I live in Ann Arbor, Michigan and the quake woke me up. I thought it was a bad dream and promptly went back to sleep (I recall dreaming about sinusoidal waves). I got an e-mail from a friend this morning asking if I had felt the quake which made me realized that it wasn't a bad dream at all. I talked to most of my coworkers this morning and they didn't feel a thing. I think that my room's location on the top floor of a 160-year-old brick building amplified the effect.
posted by kscottz at 12:13 PM on April 18, 2008


Few miles east of Cincinnati, and it woke us up -- I think because it was rattling the shower doors. Pretty freaky. We also thought trucks in rumbling down the street at first.

I felt one in downtown Cincinnati where I was on the 21st floor of a building in 2002. People thought I was nuts.
posted by dpx.mfx at 12:14 PM on April 18, 2008


The head of security at my school (in iowa) sent us an email to the effect of "hi, there was an earthquake, people felt it in Des Moines." it also contained the curious line, "If you felt the shock waves and were on campus please send me an email and let me know." Presumably, our security office is planning on kicking the earthquake's ass.
posted by dismas at 12:41 PM on April 18, 2008 [1 favorite]


I think that my room's location on the top floor of a 160-year-old brick building amplified the effect.

Yeah, that'll do it.

The first Real Earthquake (i.e. above 4.something) I felt when I moved to SF came when we were at a movie. We were at the Castro theater, a beautiful old revival theater with a huge screen and a balcony, and we were watching All About Eve. The place was full of homos, all of us saying the lines right along with the film, when the building started to shake and the big (huge!) chandelier hanging from the center of the ceiling began to sway back and forth. Everyone got up and quickly - but calmly - began to move to the exits. Where everyone paused, and turned to keep watching the movie. I didn't see anyone leave the theater. We just all stood there, watching the screen to make sure we didn't miss anything (from a film everyone had surely seen at least a dozen times). When it looked like nothing else was going to happen, we all went back in and sat down. But nobody sat under the chandelier.
posted by rtha at 12:51 PM on April 18, 2008 [1 favorite]

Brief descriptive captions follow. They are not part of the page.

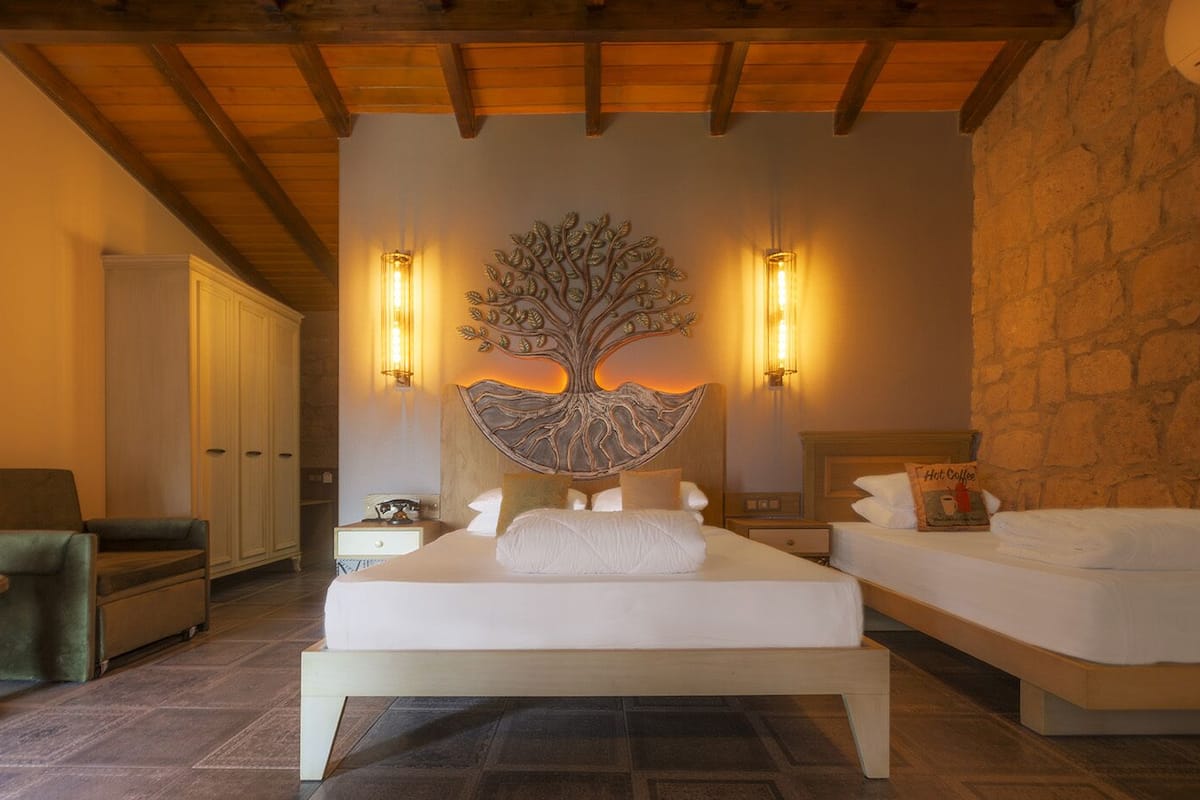 family room, balcony, sea view | 2 bedrooms, minibar, in-room safe, desk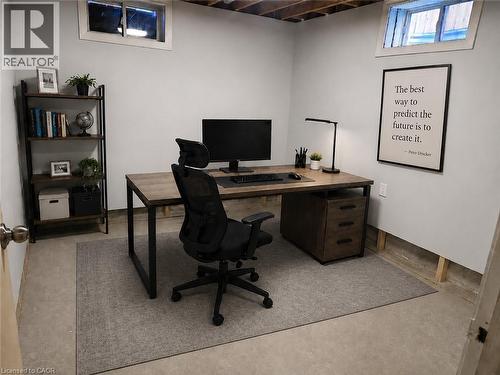 Interior room with painted light gray walls and concrete flooring - 732 Angler Way, Waterloo, ON - Indoor Photo Showing Office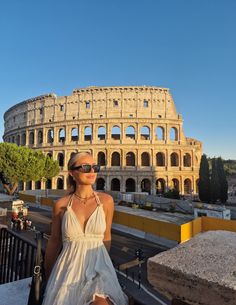 a woman standing in front of the colossion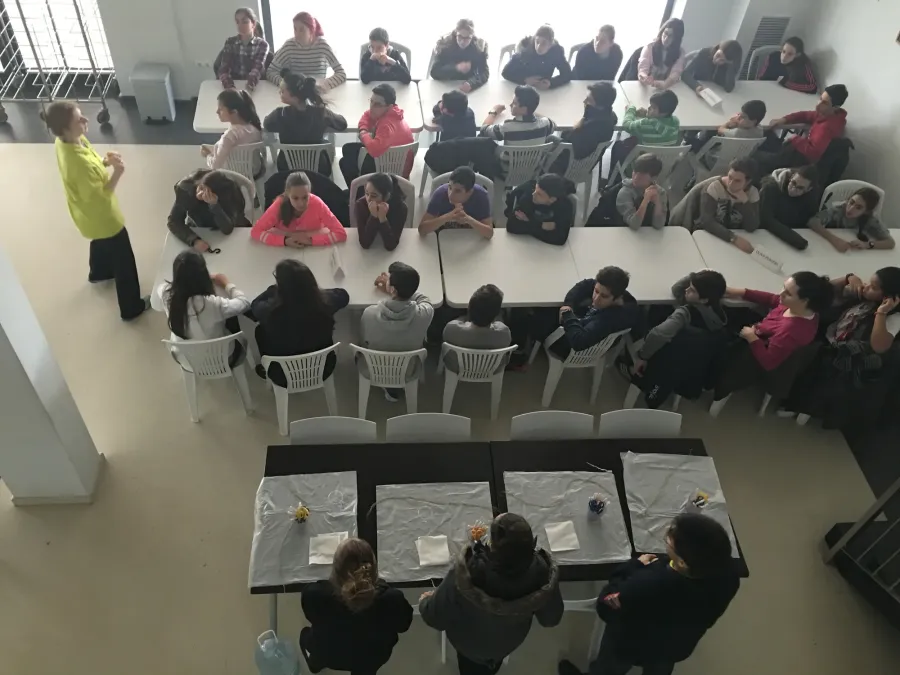 Vista cenital de alumnos trabajando en grupos en el salón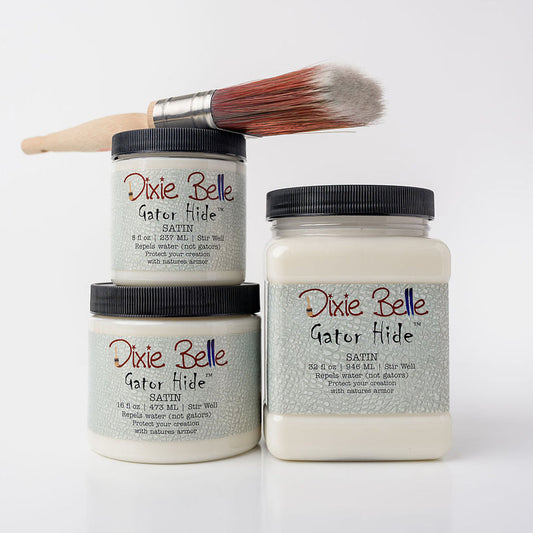 Three jars of Dixie Belle Gator Hide clear coat with a paintbrush resting across the top jar, set against a clean white background.
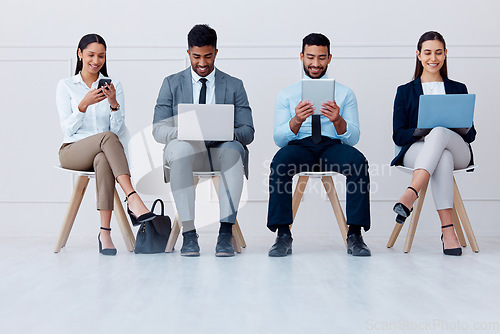 Image of Business people, waiting room and tech with some on mobile, laptop or tablet. Happy workers, group or candidates on technology, computer or phone waiting for a job interview, hiring or recruitment.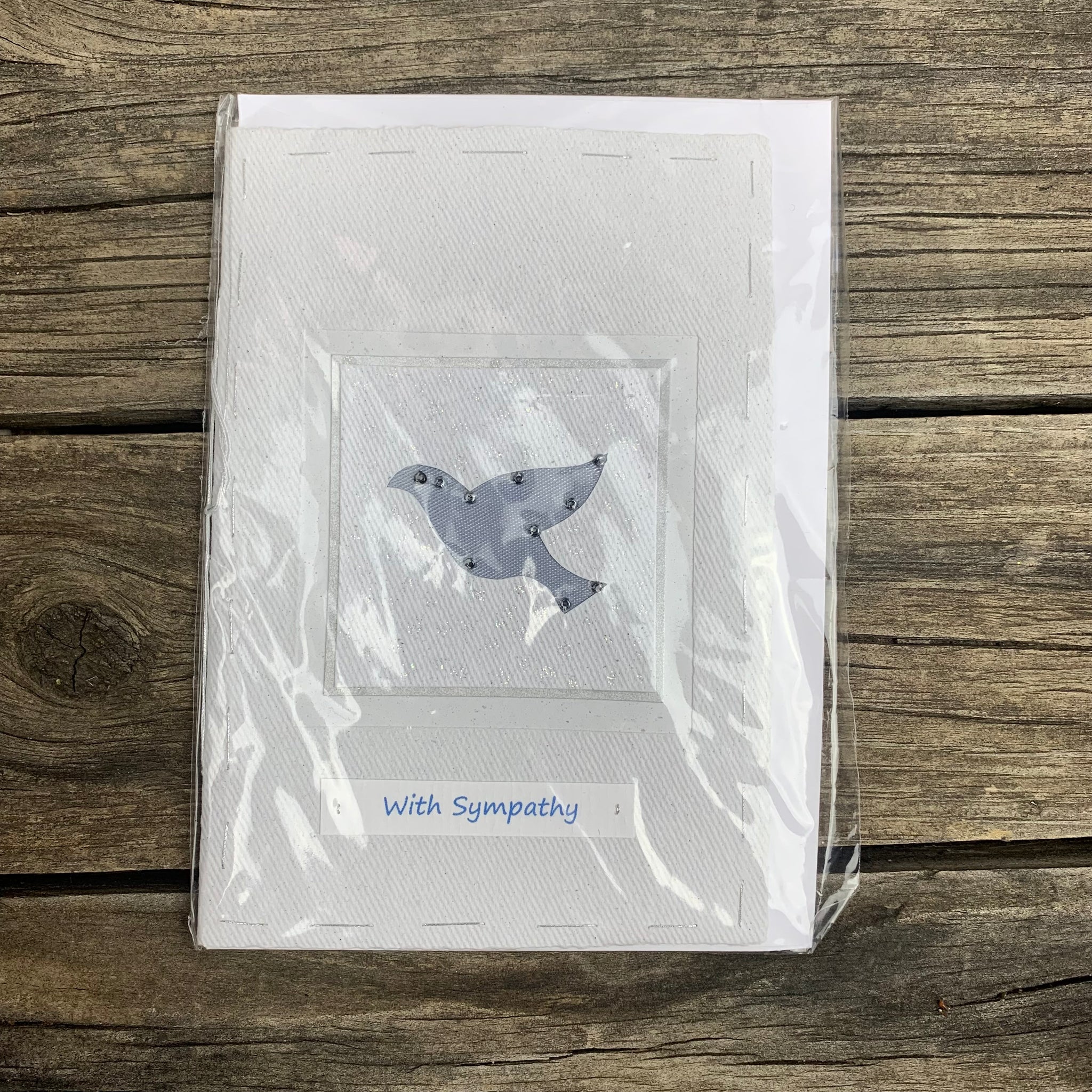 White handmade paper greeting card displaying 'With Sympathy" in baby blue cursive letters. A jewel adorned grey dove is also displayed in the centre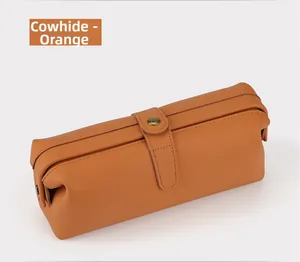 Detail of genuine cowhide makeup bag with retro metal clasp and textured orange leather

Another report from Champaign. I was totally out of it when it woke me up this morning. Ever seen that Curb Your Enthusiasm episode where Larry David beats the hell out of the smoke alarm? Yeah, that was me. I was feeling franticly all around the window, trying to get it to stop shaking so I could go back to sleep. Didn't really think to ask myself why it was shaking.


The aftershock was kind of weird. By the time I figured out what was happening, it was over!
posted by sbutler at 12:52 PM on April 18, 2008


Maybe it's just my building.. but I'm in Chicago and was actually awake watching TV and didn't feel a thing...
posted by twiggy at 1:47 PM on April 18, 2008


I slept through it. My students noticed the floor shaking during the aftershock this morning. They got all excited and it took them forever to calm down.
posted by mai at 2:23 PM on April 18, 2008


Grand Rapids, MI

I got up to use the bathroom and feed the cats. One cat wouldn't eat and was distressed. I tried to go back to sleep but was so worried that my baby was sick. All the sudden the bed started moving and I heard the blinds rattle in the window. "OMG THE BED IS MOVING" He woke up and stopped the blind moving. "The window is open, its just the wind." and he said in the annoyed kinda way of someone who was just woken up way too early. I sat in bed a little longer, worrying about my cat and knowing that I had really, truly felt the bed move, but there was no way to prove I was right. It crossed my mind that it felt like a small earthquake (I grew up in Seattle) but then thought... "nah, not in Michigan."

When I saw the news articles saying there was in fact an earthquake I did a little victory dance. (I'll do another one when he gets home from work and I can prove to him I'm not crazy, at least this time).
posted by silkygreenbelly at 2:49 PM on April 18, 2008


I felt it all the way down in Knoxville, TN, along with many others here, according to the local news - just a very gentle rocking I probably would have missed if I hadn't been half awake already.
posted by frobozz at 2:51 PM on April 18, 2008


By the way, the cat that was acting weird and not eating shortly before the quake is now fine. I always thought that the pets being crazy= earthquake thing was bull, but this has got me wondering.
posted by silkygreenbelly at 2:53 PM on April 18, 2008 [1 favorite]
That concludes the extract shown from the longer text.